Fucoxanthin

Fucoxanthin is commonly finding in marine organisms; however, to date, it has been one of the scarcely explored natural compounds. The researchers investigated its activities in human cancer cell culture-based viability, migration, and molecular assays; and found that it possesses strong anticancer; and anti-metastatic activities that work irrespective of the p53 status of cancer cells. In the experiments, fucoxanthin caused the transcriptional suppression of mortalin.

Infinite proliferation, survival, disrupted physiology, autonomous growth in colonies; and gain in migratory capacity are the hallmark characteristics of cancer. Interactions between cancer tissues, its associated stroma; and its microenvironment represent a powerful relationship that determines disease initiation, progression, and prognosis. Depending upon the type, origin, and time of colonization in their niche; cells transform into malignant subtypes and metastasize to distant sites.

Various mechanisms such as the rapid proliferation of the survivors, EMT; and angiogenesis play crucial roles in metastasis development. The crucial factor in the development of anticancer drugs is to counter the acquired migration in cancer cells. The conventional chemotherapy regime largely depends; on the synthetic molecules for targeted application, not efficiently realizing; the emergence of unavoidable side effects and the loss of quality of life.

Expensive and un-affordable fucoxanthin 

Furthermore, synthetic molecules are relatively more expensive and often un-affordable for the common population. Some of the commonly quoted examples are bevacizumab and ipilimumab; which are price at $50,000 and $120,000 per treatment episode, respectively. In these premises, the use of natural molecules that also have additional merits (more tolerable, easily available, and economic) has been proposed.

Several molecules of natural origin have been investigate for their anticancer potential. Fucoxanthin has previously was showing to demonstrate robust biological responses; including growth arrest and apoptosis at higher doses, and glial differentiation and migration inhibition at relatively non-toxic doses.

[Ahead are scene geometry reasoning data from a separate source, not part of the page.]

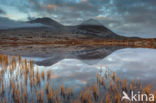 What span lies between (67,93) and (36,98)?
3.66 ft

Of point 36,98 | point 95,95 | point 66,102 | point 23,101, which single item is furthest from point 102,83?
point 23,101

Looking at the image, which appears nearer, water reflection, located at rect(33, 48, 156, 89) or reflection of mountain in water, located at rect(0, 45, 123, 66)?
water reflection, located at rect(33, 48, 156, 89)

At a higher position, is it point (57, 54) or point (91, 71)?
point (57, 54)

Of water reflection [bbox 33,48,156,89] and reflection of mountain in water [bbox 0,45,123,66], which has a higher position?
reflection of mountain in water [bbox 0,45,123,66]

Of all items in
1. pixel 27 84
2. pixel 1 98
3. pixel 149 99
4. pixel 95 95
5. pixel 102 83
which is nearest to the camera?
pixel 149 99

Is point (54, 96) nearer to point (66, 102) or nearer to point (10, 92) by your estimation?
point (66, 102)

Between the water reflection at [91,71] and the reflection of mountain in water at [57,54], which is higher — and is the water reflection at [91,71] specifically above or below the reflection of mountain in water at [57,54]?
below

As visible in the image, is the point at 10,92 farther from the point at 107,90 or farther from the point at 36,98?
the point at 107,90

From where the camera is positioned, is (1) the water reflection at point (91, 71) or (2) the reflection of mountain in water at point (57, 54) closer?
(1) the water reflection at point (91, 71)

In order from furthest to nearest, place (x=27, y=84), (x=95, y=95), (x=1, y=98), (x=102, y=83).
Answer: (x=102, y=83)
(x=27, y=84)
(x=95, y=95)
(x=1, y=98)

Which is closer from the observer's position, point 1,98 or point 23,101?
point 23,101

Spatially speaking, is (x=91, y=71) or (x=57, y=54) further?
(x=57, y=54)

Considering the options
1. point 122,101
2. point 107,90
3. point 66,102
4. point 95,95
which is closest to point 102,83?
point 107,90

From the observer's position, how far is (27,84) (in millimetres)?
6168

In the present study, they sought to dissect the anti-metastatic potential of fucoxanthin.

Cell phenotype-driven molecular analyses on control and treated cells demonstrated that fucoxanthin caused a decrease in hallmark proteins associated with cell proliferation, survival, and the metastatic spread of cancer cells at doses that were relatively safe to the normal cells. The data suggested that the cancer therapy regimen may benefit from the recruitment of fucoxanthin; hence, it warrants further attention for basic mechanistic studies as well as drug development.

Cancer therapy regimen

In order to confirm the safety of fucoxanthin in in vivo conditions, they performed a relative hemolytic activity test at 37 °C (in vitro incubation of cells and in vivo pharmacodynamics) and found that fucoxanthin does not cause the hemolysis of erythrocytes. While establishing the doses, they observed that the discordance in the cytotoxic potential of fucoxanthin could be due to fucoxanthin’s chemical instability.

But test the stability, they performed UV spectrophotometry analysis on fucoxanthin samples exposed to light and high-temperature conditions. Fucoxanthin showed sensitivity to light and heat, suggesting its chronometric degradation and hence the need for regular and more frequent intake for its pharmaceutical and therapeutic benefits.

In this premise, the data indicating that the low doses of fucoxanthin possess strong anti-metastatic efficacy favors its use as natural anti-cancer drug, despite its low stability to light and heat. At the same time, studies on structural analogs with higher stability and efficacy, their bio-activities, and mechanism of action are warranted.